De retour sur sa terre d’accueil, Molina joue pour l’Audax Italiano de 1957 à 1959. Il rejoint ensuite l’Union Española et retourne à la Universidad Católica, clubs où il évoluera une seule saison. Le milieu chilien se retire dans la paisible ville de Coquimbo, à seulement 30 ans, à cause de sa persistante maladie à l’estomac. « Je me souviens qu’une fois, lors d’un match à Bilbao, je suis sorti et j’ai vomi. C’est là qu’a débuté ce problème. Cela m’a suivi et j’ai vite compris que je devais arrêter » , se remémore Paco Molina.

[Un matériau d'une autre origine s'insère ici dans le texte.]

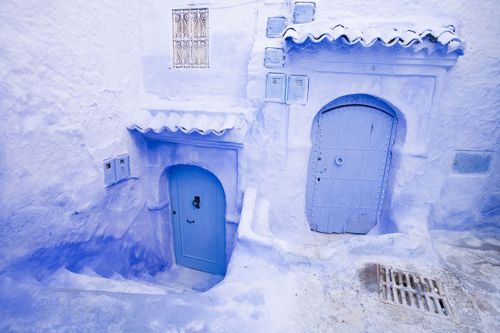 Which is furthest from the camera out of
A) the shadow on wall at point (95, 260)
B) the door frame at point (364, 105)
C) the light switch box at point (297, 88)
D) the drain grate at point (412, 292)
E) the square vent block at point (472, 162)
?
the door frame at point (364, 105)

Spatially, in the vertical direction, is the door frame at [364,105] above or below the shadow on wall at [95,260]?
above

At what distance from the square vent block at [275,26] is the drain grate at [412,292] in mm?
3346

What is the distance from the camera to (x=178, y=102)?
480 centimetres

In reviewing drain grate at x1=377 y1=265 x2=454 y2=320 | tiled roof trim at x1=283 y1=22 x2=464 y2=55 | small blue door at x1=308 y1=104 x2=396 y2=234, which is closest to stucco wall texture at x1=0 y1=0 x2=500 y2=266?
tiled roof trim at x1=283 y1=22 x2=464 y2=55

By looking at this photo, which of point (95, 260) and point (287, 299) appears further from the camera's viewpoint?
point (95, 260)

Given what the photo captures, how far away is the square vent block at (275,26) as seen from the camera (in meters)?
4.01

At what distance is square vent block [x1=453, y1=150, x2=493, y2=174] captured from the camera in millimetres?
4023

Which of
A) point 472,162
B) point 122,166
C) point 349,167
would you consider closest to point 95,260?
point 122,166

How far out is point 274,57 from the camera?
3922 millimetres

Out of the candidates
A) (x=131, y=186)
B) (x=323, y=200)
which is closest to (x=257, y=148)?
(x=323, y=200)

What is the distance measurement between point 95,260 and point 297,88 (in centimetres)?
388

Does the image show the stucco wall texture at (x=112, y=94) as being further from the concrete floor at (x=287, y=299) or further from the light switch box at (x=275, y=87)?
the concrete floor at (x=287, y=299)

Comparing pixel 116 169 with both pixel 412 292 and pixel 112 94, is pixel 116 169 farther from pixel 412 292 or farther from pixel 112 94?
pixel 412 292

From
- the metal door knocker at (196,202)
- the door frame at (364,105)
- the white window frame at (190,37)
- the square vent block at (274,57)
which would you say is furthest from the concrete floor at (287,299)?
the white window frame at (190,37) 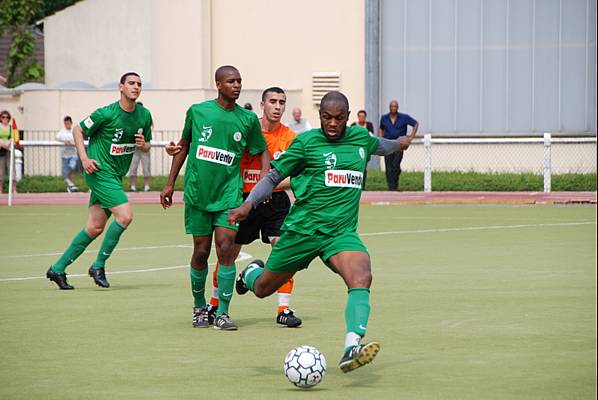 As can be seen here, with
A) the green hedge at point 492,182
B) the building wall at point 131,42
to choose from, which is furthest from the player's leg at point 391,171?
the building wall at point 131,42

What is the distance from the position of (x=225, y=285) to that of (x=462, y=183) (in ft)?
70.9

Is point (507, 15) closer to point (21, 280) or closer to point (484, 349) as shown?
point (21, 280)

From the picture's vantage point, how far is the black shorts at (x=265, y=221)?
1141 centimetres

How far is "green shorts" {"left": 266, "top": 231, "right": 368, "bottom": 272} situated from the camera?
8977 millimetres

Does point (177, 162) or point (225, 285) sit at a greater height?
point (177, 162)

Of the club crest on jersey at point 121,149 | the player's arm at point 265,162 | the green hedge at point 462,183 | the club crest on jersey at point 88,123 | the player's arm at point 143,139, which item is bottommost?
the green hedge at point 462,183

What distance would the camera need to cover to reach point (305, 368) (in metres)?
8.12

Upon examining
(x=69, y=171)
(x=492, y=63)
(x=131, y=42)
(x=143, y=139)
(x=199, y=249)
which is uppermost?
(x=131, y=42)

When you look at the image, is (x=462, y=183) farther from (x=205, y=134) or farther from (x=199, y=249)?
(x=205, y=134)

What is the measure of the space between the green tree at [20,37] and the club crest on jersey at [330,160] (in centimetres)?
3855

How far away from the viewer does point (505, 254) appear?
1692 cm

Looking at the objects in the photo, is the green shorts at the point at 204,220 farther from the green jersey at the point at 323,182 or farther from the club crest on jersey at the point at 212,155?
the green jersey at the point at 323,182

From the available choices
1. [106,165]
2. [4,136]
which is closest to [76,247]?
[106,165]

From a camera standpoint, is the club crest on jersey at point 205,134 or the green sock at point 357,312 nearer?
the green sock at point 357,312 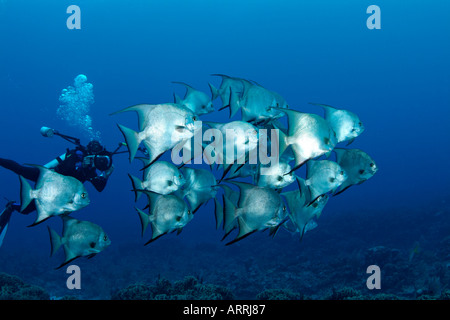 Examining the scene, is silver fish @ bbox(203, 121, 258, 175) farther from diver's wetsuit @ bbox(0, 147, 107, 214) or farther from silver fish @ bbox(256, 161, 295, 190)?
diver's wetsuit @ bbox(0, 147, 107, 214)

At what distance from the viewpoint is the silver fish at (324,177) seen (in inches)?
117

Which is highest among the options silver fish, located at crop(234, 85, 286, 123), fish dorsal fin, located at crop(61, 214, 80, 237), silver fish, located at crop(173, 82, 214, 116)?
silver fish, located at crop(173, 82, 214, 116)

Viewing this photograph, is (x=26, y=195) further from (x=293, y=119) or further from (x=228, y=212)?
(x=293, y=119)

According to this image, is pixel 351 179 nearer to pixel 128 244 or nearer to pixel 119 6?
pixel 128 244

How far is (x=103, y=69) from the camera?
79500 millimetres

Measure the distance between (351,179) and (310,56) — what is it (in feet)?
281

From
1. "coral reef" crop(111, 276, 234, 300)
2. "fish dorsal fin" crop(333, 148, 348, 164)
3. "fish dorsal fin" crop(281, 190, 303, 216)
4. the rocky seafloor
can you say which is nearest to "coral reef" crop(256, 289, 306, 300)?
the rocky seafloor

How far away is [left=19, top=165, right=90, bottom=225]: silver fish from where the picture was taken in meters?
3.09

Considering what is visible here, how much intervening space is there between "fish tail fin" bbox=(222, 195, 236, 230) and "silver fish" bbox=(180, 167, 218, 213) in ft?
2.03

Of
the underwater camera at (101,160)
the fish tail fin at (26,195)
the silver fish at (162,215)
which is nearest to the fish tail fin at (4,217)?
the underwater camera at (101,160)

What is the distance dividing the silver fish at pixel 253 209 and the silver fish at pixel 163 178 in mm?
727

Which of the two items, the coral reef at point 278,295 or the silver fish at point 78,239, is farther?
the coral reef at point 278,295

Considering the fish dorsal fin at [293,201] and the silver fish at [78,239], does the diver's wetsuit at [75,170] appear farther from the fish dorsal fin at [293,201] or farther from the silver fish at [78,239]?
the fish dorsal fin at [293,201]

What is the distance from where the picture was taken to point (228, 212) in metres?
2.85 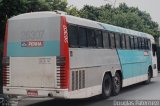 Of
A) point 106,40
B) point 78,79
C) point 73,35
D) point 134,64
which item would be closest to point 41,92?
point 78,79

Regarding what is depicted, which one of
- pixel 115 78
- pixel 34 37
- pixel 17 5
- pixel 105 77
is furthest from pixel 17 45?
pixel 17 5

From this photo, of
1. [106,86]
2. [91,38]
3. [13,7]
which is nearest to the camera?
[91,38]

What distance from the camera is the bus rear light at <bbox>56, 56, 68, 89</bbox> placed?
35.4 feet

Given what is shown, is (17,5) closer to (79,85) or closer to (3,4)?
(3,4)

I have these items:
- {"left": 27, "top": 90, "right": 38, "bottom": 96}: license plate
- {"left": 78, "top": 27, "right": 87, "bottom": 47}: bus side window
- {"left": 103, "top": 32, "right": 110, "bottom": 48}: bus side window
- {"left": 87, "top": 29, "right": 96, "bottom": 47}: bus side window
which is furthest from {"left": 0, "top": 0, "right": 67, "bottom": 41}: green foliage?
{"left": 27, "top": 90, "right": 38, "bottom": 96}: license plate

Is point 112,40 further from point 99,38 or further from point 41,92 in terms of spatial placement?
point 41,92

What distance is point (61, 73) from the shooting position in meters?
10.9

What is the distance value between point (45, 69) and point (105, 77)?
12.0 ft

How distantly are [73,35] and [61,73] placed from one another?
1.39m

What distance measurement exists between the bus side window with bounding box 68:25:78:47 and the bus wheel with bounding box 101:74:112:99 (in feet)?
9.43

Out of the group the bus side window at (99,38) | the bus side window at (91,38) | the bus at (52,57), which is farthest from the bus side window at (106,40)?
the bus side window at (91,38)

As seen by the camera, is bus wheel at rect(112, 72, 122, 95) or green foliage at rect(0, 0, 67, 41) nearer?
bus wheel at rect(112, 72, 122, 95)

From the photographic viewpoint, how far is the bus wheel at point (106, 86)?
13909 mm

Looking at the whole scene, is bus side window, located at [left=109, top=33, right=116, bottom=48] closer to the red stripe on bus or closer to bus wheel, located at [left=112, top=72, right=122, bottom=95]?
bus wheel, located at [left=112, top=72, right=122, bottom=95] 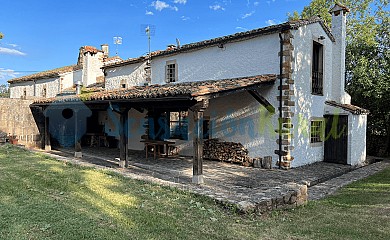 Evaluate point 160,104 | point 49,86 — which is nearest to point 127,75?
point 160,104

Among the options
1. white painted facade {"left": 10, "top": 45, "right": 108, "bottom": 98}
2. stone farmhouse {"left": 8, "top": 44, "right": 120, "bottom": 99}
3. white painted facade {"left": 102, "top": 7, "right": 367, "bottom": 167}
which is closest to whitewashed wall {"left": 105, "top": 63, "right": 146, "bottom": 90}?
white painted facade {"left": 102, "top": 7, "right": 367, "bottom": 167}

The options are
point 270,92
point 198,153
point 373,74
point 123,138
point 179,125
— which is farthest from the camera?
point 373,74

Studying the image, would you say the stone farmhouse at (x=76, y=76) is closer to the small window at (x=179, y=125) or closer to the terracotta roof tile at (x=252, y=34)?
the small window at (x=179, y=125)

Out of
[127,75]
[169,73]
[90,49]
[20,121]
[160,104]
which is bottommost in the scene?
[20,121]

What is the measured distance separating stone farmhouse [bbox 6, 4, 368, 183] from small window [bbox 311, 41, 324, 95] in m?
0.04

Il devient ensuite entraîneur. « Ce n’était pas mon truc. Je préférais le commerce » , confesse-t-il. Pourtant, il emmène le club de O’Higgins en demi-finales de la Copa Libertadores en 1980. À 85 ans, Paco Molina vit à Antofagasta. Et remercie encore le Chili : « Aller à l’école ici me faisait déjà me sentir chilien. Quand j’ai mis le maillot de la sélection pour la première fois, les larmes ont coulé. J’avais besoin de sentir ce sentiment d’appartenance à une patrie. » Et de conclure : « À mon âge, je ne peux toujours pas expliquer mon histoire. Je pense qu’une fois qu’on défend le Chili, on est prêt à donner plus que le nécessaire. »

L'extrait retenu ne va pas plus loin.